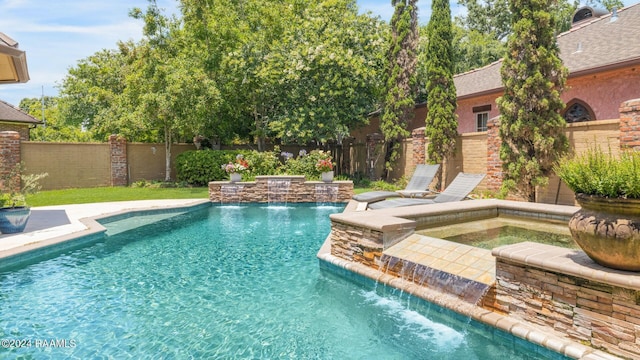 view of pool with an in ground hot tub and pool water feature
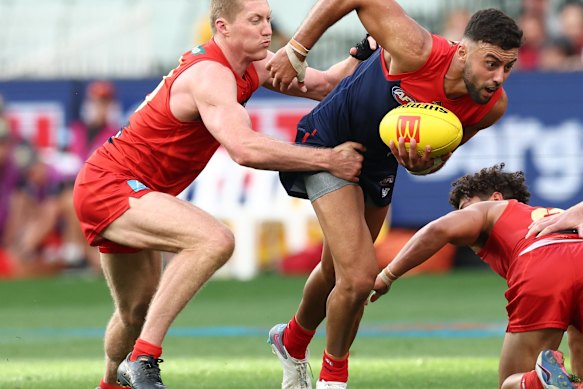 Matt Rowell tackles Christian Salem.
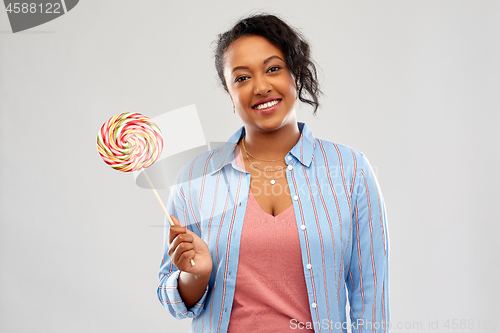 Image of happy african american woman with big lollipop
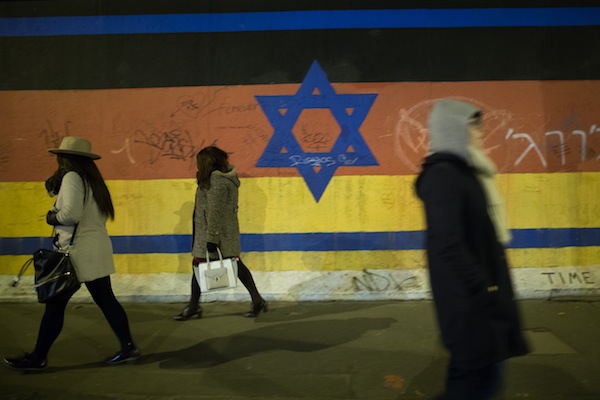 People walk by a mural depicting a combination of the Israeli and German flag on the Berlin wall, March 13, 2016. (Noam Revkin Fenton/Flash90)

» **DIRECTIONS FOR THIS TASK**
Repeat the line that contains "Image of happy" and each line after it, through the last line of the listing, exactly and alone; pictures stay out of the repeat.

» **FINISHED TASK**
 Image of happy african american woman with big lollipop
 People walk by a mural depicting a combination of the Israeli and German flag on the Berlin wall, March 13, 2016. (Noam Revkin Fenton/Flash90)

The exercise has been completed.